(DATASET CONTENT)
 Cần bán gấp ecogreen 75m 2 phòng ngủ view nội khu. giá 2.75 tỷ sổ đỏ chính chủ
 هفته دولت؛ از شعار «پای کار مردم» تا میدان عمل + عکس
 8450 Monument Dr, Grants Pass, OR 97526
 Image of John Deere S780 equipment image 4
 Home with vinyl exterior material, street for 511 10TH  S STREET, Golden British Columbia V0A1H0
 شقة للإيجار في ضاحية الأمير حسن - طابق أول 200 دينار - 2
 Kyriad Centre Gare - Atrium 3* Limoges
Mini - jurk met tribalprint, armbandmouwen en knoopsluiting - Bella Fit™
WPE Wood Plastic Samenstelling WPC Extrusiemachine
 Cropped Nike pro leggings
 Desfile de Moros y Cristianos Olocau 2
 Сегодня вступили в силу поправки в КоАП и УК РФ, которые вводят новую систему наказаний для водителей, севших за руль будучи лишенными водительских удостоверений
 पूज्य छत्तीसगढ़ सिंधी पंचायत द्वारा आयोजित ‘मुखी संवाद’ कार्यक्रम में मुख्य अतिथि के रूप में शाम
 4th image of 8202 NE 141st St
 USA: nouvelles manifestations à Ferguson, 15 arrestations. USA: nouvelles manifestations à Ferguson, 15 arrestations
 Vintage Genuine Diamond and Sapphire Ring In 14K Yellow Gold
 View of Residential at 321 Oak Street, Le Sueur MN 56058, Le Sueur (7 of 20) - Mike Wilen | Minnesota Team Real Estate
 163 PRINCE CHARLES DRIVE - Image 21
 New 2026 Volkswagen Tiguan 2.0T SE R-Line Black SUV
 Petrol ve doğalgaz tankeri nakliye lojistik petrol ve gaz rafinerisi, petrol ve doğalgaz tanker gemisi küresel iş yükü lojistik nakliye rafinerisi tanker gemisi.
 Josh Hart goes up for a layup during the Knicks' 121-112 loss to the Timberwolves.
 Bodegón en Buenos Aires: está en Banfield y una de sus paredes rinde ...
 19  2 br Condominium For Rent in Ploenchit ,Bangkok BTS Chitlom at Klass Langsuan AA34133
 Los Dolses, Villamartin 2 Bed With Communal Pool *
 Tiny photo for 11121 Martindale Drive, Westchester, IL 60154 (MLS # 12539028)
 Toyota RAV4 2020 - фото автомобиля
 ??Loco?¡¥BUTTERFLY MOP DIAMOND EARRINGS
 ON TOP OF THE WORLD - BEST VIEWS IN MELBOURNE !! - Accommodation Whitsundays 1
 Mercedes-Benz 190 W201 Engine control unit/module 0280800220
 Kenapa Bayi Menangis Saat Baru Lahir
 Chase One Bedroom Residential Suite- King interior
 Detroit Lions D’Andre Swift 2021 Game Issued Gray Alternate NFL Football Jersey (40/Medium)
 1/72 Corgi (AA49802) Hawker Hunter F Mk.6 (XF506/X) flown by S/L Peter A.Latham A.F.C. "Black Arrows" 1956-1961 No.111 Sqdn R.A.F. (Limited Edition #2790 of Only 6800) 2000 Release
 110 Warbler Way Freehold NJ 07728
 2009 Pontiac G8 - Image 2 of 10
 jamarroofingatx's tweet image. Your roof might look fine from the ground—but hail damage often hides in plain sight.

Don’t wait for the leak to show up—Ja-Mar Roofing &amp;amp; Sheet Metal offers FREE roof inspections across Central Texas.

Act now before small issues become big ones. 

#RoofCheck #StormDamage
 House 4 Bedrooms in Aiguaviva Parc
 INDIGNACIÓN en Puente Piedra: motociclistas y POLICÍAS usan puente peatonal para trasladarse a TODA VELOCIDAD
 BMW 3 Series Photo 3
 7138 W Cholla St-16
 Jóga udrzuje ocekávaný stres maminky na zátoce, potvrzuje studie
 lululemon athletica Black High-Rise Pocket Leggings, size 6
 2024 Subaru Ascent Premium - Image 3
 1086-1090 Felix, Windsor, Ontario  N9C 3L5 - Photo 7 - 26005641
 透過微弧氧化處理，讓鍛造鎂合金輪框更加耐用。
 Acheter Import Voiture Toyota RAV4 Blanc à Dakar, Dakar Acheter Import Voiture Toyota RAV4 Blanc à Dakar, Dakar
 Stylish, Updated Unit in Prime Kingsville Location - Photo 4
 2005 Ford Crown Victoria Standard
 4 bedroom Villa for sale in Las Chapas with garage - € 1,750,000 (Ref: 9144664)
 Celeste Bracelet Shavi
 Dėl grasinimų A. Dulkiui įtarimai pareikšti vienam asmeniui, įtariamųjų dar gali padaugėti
(End DATASET CONTENT)
§ **WORK REQUEST**: A reply that repeats all the data exactly is required.

§ **EXERCISE RESPONSE**:
 Cần bán gấp ecogreen 75m 2 phòng ngủ view nội khu. giá 2.75 tỷ sổ đỏ chính chủ
 هفته دولت؛ از شعار «پای کار مردم» تا میدان عمل + عکس
 8450 Monument Dr, Grants Pass, OR 97526
 Image of John Deere S780 equipment image 4
 Home with vinyl exterior material, street for 511 10TH  S STREET, Golden British Columbia V0A1H0
 شقة للإيجار في ضاحية الأمير حسن - طابق أول 200 دينار - 2
 Kyriad Centre Gare - Atrium 3* Limoges
Mini - jurk met tribalprint, armbandmouwen en knoopsluiting - Bella Fit™
WPE Wood Plastic Samenstelling WPC Extrusiemachine
 Cropped Nike pro leggings
 Desfile de Moros y Cristianos Olocau 2
 Сегодня вступили в силу поправки в КоАП и УК РФ, которые вводят новую систему наказаний для водителей, севших за руль будучи лишенными водительских удостоверений
 पूज्य छत्तीसगढ़ सिंधी पंचायत द्वारा आयोजित ‘मुखी संवाद’ कार्यक्रम में मुख्य अतिथि के रूप में शाम
 4th image of 8202 NE 141st St
 USA: nouvelles manifestations à Ferguson, 15 arrestations. USA: nouvelles manifestations à Ferguson, 15 arrestations
 Vintage Genuine Diamond and Sapphire Ring In 14K Yellow Gold
 View of Residential at 321 Oak Street, Le Sueur MN 56058, Le Sueur (7 of 20) - Mike Wilen | Minnesota Team Real Estate
 163 PRINCE CHARLES DRIVE - Image 21
 New 2026 Volkswagen Tiguan 2.0T SE R-Line Black SUV
 Petrol ve doğalgaz tankeri nakliye lojistik petrol ve gaz rafinerisi, petrol ve doğalgaz tanker gemisi küresel iş yükü lojistik nakliye rafinerisi tanker gemisi.
 Josh Hart goes up for a layup during the Knicks' 121-112 loss to the Timberwolves.
 Bodegón en Buenos Aires: está en Banfield y una de sus paredes rinde ...
 19  2 br Condominium For Rent in Ploenchit ,Bangkok BTS Chitlom at Klass Langsuan AA34133
 Los Dolses, Villamartin 2 Bed With Communal Pool *
 Tiny photo for 11121 Martindale Drive, Westchester, IL 60154 (MLS # 12539028)
 Toyota RAV4 2020 - фото автомобиля
 ??Loco?¡¥BUTTERFLY MOP DIAMOND EARRINGS
 ON TOP OF THE WORLD - BEST VIEWS IN MELBOURNE !! - Accommodation Whitsundays 1
 Mercedes-Benz 190 W201 Engine control unit/module 0280800220
 Kenapa Bayi Menangis Saat Baru Lahir
 Chase One Bedroom Residential Suite- King interior
 Detroit Lions D’Andre Swift 2021 Game Issued Gray Alternate NFL Football Jersey (40/Medium)
 1/72 Corgi (AA49802) Hawker Hunter F Mk.6 (XF506/X) flown by S/L Peter A.Latham A.F.C. "Black Arrows" 1956-1961 No.111 Sqdn R.A.F. (Limited Edition #2790 of Only 6800) 2000 Release
 110 Warbler Way Freehold NJ 07728
 2009 Pontiac G8 - Image 2 of 10
 jamarroofingatx's tweet image. Your roof might look fine from the ground—but hail damage often hides in plain sight.

Don’t wait for the leak to show up—Ja-Mar Roofing &amp;amp; Sheet Metal offers FREE roof inspections across Central Texas.

Act now before small issues become big ones. 

#RoofCheck #StormDamage
 House 4 Bedrooms in Aiguaviva Parc
 INDIGNACIÓN en Puente Piedra: motociclistas y POLICÍAS usan puente peatonal para trasladarse a TODA VELOCIDAD
 BMW 3 Series Photo 3
 7138 W Cholla St-16
 Jóga udrzuje ocekávaný stres maminky na zátoce, potvrzuje studie
 lululemon athletica Black High-Rise Pocket Leggings, size 6
 2024 Subaru Ascent Premium - Image 3
 1086-1090 Felix, Windsor, Ontario  N9C 3L5 - Photo 7 - 26005641
 透過微弧氧化處理，讓鍛造鎂合金輪框更加耐用。
 Acheter Import Voiture Toyota RAV4 Blanc à Dakar, Dakar Acheter Import Voiture Toyota RAV4 Blanc à Dakar, Dakar
 Stylish, Updated Unit in Prime Kingsville Location - Photo 4
 2005 Ford Crown Victoria Standard
 4 bedroom Villa for sale in Las Chapas with garage - € 1,750,000 (Ref: 9144664)
 Celeste Bracelet Shavi
 Dėl grasinimų A. Dulkiui įtarimai pareikšti vienam asmeniui, įtariamųjų dar gali padaugėti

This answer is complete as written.